Destruction AllStars is quite a frustrating game. Not really because of anything the game does wrong, but because it clearly holds a lot of potential. As an idea, it sounds great: a destruction derby style title that keeps you in the action with on-foot gameplay when you’re between vehicles. In practice, while it does succeed in some ways, it misses the mark in others. What we end up with is a car combat game that feels confident but underwhelms in areas it should shine.
A major issue it faces right now is a poor first impression. When you get behind the wheel for your first match of Mayhem — the game’s core mode that rewards points for dishing out damage — it can all feel very aimless, confusing, and somehow rather tame. Although your objectives are fairly straightforward, there’s a method to the game’s madness that you need to wrap your head around, lest you be bottom of the leaderboards forever. This initial learning curve may well put off a lot of players, but it’d be a mistake to write the whole thing off so quickly.
Cars are very disposable here, and what sets this apart is the ability to hop out and run around the arena on foot. This sounds like a dumb idea, but each of the characters are capable of dealing with incoming traffic. Ditching your busted up ride for a fresh one is part of staying alive, and means you’re constantly on the move. It’s a clever way to keep players engaged, and allows all the characters to be shown off in and out of a car.
The roster of characters wouldn’t look out of place in a hero shooter like Overwatch. The lineup is nicely diverse, and all their unique abilities add some neat wrinkles to keep things interesting. They all have special Breaker powers when on-foot and behind the wheel of their Hero vehicles, and your choice of character will make a difference, depending on which mode you’re playing. The roster is well designed, and while not all their abilities are equally useful (and some are definitely overpowered), there are some really neat ideas in the mix.
In terms of presentation, Destruction AllStars looks fantastic. It has a very clean style running through the menus and even in the arena. Despite the over-the-top particle effects, image quality is slick, and it all runs at a smooth frame rate. It’s actually on the audio side of things that it starts to falter. The music in menus is decent, but in the thick of the action, there’re no tunes to lift the atmosphere. With no music during a match, they can feel a little soulless. Commentary lines begin to repeat quickly, and the crowds cheering don’t really fill the space. That being said, sound effects of cars slamming into each other are great, especially when paired with excellent DualSense haptic feedback.
The feeling of emptiness in the soundscape is exacerbated when a match lulls in the middle. We’re not sure if arenas are too large, but fairly often, we were left looking around for opponents. There’s a minimap that shows everyone’s location, but you rarely get a chance to look at it properly. For some reason, matches can feel surprisingly empty, with all players bunching up, inexplicably always at the point furthest from you.
On foot, the game has similar pacing problems. Whether by choice or not, popping out of a car can leave you kind of stranded.
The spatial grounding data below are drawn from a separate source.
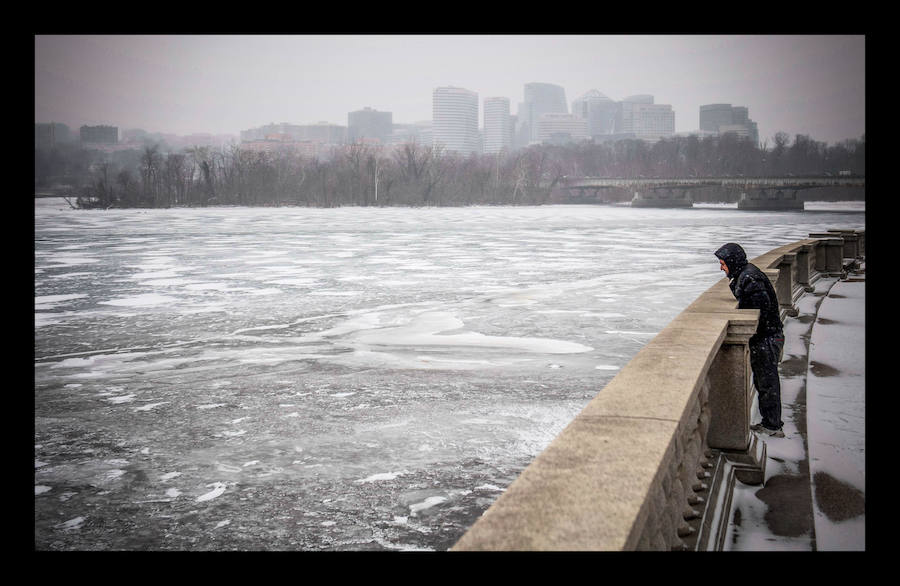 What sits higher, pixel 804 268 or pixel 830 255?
pixel 830 255

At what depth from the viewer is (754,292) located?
280 inches

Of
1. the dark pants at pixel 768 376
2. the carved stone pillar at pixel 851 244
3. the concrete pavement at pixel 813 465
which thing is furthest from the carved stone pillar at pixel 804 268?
the dark pants at pixel 768 376

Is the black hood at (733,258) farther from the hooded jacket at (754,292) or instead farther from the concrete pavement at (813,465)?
the concrete pavement at (813,465)

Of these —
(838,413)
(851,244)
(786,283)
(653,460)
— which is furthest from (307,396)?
(851,244)

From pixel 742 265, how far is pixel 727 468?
238cm

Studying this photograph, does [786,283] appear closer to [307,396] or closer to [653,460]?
[307,396]

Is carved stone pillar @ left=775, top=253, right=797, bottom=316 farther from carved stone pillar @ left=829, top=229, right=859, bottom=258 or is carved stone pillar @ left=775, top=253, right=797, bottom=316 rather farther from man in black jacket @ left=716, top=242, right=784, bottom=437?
carved stone pillar @ left=829, top=229, right=859, bottom=258

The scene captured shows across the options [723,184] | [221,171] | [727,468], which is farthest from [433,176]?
[727,468]

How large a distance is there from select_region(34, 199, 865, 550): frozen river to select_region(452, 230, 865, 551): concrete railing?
5.17ft

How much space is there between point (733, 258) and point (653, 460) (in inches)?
175

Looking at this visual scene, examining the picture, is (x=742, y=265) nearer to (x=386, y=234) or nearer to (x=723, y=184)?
(x=386, y=234)

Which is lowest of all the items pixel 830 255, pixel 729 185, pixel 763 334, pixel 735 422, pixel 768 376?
pixel 735 422

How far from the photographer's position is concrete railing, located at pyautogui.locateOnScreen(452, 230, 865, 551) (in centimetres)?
268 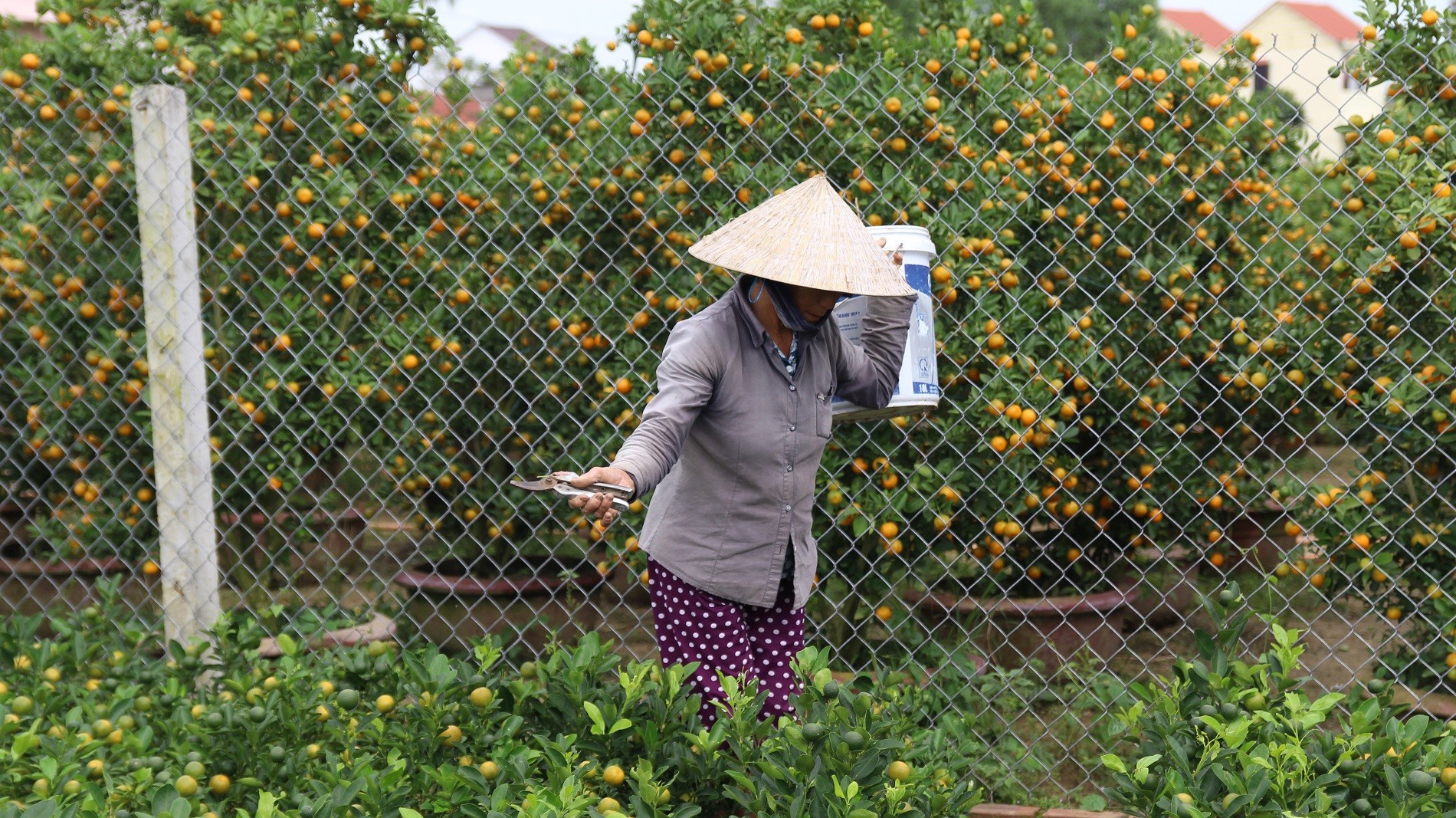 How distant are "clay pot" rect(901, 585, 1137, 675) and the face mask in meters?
1.56

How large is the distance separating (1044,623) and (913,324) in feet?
5.70

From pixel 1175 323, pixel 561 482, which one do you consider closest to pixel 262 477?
pixel 561 482

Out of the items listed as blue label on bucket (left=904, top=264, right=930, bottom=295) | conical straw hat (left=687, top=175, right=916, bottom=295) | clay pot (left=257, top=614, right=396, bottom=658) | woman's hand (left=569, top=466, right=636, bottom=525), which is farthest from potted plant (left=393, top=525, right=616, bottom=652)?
woman's hand (left=569, top=466, right=636, bottom=525)

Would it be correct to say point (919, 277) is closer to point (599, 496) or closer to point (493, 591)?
point (599, 496)

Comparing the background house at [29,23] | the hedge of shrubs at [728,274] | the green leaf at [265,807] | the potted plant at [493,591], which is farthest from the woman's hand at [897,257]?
the background house at [29,23]

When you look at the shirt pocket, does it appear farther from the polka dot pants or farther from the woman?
the polka dot pants

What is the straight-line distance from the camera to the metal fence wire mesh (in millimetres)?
3236

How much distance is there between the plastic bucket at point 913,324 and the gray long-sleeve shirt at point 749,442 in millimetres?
53

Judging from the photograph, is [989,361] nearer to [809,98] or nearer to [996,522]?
[996,522]

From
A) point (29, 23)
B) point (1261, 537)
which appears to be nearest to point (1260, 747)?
point (1261, 537)

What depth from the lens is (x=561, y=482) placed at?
194 cm

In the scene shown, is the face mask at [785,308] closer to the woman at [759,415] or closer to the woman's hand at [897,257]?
the woman at [759,415]

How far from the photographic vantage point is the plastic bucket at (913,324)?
2.71 metres

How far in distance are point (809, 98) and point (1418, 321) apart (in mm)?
1755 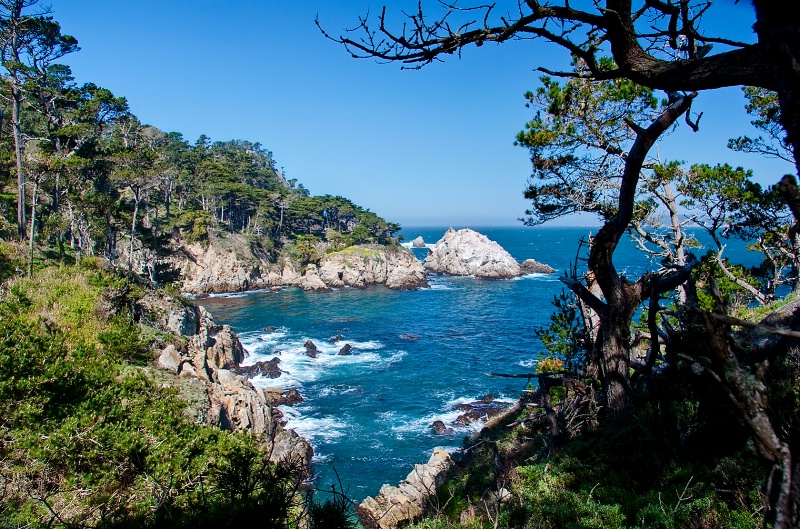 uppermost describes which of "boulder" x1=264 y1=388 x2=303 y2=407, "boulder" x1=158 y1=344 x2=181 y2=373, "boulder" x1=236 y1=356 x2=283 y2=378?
"boulder" x1=158 y1=344 x2=181 y2=373

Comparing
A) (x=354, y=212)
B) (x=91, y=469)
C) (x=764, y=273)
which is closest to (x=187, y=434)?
(x=91, y=469)

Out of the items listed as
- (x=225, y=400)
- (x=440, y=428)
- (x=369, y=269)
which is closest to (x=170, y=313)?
(x=225, y=400)

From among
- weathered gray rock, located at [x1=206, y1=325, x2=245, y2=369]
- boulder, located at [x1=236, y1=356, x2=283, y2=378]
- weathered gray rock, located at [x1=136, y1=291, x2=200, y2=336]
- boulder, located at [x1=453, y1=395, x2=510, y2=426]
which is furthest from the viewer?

There are usually several cars available to choose from, but they might be quite far away, meaning a slow jog to find a ride.
Fortunately, most of the game’s modes are a good time. The aforementioned Mayhem is a chaotic free-for-all, but the other three have clearer objectives. Gridfall limits respawns and has pieces of the arena floor slowly fall away, and the winner is the last remaining player. It feels a bit at odds with the gameplay, but does force you to play more carefully, which is interesting. Then there are team-based modes Carnado and Stockpile, revolving around gathering Gears to boost your team’s score. Both of these are great fun, and bring some order to the madness.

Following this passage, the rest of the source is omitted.